• **What to work on**
Filter the entries and keep only the lines where the string "with" appears.

** Data for this exercise follows **

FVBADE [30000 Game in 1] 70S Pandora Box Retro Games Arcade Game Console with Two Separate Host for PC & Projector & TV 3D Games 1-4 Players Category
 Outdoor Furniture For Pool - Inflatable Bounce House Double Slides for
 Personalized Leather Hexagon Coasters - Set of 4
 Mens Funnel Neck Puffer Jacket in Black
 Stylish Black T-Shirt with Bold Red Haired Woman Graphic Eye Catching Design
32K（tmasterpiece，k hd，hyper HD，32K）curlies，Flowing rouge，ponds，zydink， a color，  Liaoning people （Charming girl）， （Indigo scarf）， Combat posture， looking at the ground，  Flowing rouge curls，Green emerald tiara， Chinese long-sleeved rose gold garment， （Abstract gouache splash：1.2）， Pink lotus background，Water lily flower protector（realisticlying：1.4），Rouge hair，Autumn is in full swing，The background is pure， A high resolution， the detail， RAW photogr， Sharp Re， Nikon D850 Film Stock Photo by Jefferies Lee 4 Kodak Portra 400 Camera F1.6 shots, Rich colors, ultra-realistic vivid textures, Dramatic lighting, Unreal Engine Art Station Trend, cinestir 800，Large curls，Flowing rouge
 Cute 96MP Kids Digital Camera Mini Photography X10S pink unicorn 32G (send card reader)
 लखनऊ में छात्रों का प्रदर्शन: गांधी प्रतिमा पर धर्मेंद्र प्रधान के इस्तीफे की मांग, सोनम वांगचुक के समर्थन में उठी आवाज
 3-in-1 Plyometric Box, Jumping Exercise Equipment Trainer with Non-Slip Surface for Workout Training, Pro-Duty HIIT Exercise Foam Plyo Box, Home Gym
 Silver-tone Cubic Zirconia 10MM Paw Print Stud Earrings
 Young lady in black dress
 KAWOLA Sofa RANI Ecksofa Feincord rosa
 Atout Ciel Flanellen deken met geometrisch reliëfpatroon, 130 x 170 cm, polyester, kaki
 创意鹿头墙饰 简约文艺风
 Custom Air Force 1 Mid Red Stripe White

** End of Data for this exercise **

• **Task output**
FVBADE [30000 Game in 1] 70S Pandora Box Retro Games Arcade Game Console with Two Separate Host for PC & Projector & TV 3D Games 1-4 Players Category
 Stylish Black T-Shirt with Bold Red Haired Woman Graphic Eye Catching Design
 3-in-1 Plyometric Box, Jumping Exercise Equipment Trainer with Non-Slip Surface for Workout Training, Pro-Duty HIIT Exercise Foam Plyo Box, Home Gym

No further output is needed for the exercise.